▶ **What this task involves**
Repeat only the lines below from the one containing "5FNYF8H53KB028590 Honda Passport Ex-l" through the one containing "Glass Shipping Cork Pads", inclusive, exactly as written.

Start of Input data

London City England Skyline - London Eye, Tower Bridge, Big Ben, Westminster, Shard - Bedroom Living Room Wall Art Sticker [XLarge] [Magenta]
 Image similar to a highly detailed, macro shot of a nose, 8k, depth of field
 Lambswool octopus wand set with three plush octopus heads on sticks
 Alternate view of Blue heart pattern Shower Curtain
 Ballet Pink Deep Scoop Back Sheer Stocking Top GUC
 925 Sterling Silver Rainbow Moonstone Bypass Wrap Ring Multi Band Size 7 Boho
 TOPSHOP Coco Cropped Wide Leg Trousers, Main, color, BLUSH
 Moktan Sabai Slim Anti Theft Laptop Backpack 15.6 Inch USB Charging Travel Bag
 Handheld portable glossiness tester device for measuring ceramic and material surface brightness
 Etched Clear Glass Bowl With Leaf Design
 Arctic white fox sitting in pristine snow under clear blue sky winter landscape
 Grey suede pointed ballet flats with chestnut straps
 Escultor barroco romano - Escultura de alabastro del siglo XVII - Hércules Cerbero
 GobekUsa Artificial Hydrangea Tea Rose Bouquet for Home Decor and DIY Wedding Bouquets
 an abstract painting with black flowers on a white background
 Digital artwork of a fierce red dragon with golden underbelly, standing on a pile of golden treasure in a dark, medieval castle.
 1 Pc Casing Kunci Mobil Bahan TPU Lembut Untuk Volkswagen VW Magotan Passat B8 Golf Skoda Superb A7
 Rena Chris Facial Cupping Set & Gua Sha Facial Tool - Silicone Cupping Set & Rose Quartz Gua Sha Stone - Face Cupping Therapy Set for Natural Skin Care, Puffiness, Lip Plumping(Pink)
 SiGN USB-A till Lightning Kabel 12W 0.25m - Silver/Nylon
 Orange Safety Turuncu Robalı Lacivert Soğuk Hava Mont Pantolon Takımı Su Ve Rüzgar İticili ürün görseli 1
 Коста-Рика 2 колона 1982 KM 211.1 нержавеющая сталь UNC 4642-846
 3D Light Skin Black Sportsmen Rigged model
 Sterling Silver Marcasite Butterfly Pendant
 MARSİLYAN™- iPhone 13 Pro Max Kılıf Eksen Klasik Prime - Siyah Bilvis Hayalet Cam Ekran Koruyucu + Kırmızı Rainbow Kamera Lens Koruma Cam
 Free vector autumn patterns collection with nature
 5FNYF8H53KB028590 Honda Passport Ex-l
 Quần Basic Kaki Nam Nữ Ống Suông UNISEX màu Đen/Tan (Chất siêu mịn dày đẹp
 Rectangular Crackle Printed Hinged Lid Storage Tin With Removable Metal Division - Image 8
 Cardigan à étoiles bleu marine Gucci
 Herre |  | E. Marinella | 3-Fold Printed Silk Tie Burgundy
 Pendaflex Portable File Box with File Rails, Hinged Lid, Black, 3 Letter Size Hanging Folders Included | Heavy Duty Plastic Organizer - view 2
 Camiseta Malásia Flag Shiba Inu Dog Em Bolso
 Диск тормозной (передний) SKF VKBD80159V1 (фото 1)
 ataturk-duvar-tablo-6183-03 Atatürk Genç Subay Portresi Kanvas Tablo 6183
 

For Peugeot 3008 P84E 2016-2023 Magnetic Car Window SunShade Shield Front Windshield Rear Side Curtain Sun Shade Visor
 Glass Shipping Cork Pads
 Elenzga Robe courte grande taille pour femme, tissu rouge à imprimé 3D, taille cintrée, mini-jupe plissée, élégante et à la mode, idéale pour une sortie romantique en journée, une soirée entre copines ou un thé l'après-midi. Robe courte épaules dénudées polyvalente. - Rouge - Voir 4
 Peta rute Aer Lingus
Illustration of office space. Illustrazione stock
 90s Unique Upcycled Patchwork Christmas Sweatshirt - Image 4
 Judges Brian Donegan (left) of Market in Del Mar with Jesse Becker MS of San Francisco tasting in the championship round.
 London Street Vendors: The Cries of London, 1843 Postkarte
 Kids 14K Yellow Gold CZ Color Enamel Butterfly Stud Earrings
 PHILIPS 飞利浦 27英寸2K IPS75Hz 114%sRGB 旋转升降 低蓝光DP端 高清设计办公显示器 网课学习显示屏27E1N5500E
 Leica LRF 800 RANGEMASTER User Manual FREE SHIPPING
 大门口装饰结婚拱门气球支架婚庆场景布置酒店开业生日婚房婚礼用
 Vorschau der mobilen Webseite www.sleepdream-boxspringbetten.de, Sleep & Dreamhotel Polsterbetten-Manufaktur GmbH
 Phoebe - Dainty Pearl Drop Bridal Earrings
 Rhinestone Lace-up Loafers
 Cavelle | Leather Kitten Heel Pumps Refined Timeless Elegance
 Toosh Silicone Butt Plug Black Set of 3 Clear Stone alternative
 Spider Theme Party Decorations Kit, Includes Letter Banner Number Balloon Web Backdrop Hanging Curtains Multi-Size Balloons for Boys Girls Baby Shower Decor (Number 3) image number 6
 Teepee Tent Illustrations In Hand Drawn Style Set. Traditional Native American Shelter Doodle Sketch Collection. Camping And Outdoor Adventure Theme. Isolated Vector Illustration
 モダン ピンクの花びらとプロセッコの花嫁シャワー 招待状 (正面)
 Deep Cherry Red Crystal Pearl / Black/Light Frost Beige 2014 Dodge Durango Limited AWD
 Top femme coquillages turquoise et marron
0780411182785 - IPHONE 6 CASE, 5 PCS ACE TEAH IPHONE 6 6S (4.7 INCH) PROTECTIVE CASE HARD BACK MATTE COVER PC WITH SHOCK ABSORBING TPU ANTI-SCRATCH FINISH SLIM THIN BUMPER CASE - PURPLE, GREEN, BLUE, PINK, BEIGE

End of Input data

▶ **Answer below**
 5FNYF8H53KB028590 Honda Passport Ex-l
 Quần Basic Kaki Nam Nữ Ống Suông UNISEX màu Đen/Tan (Chất siêu mịn dày đẹp
 Rectangular Crackle Printed Hinged Lid Storage Tin With Removable Metal Division - Image 8
 Cardigan à étoiles bleu marine Gucci
 Herre |  | E. Marinella | 3-Fold Printed Silk Tie Burgundy
 Pendaflex Portable File Box with File Rails, Hinged Lid, Black, 3 Letter Size Hanging Folders Included | Heavy Duty Plastic Organizer - view 2
 Camiseta Malásia Flag Shiba Inu Dog Em Bolso
 Диск тормозной (передний) SKF VKBD80159V1 (фото 1)
 ataturk-duvar-tablo-6183-03 Atatürk Genç Subay Portresi Kanvas Tablo 6183
 

For Peugeot 3008 P84E 2016-2023 Magnetic Car Window SunShade Shield Front Windshield Rear Side Curtain Sun Shade Visor
 Glass Shipping Cork Pads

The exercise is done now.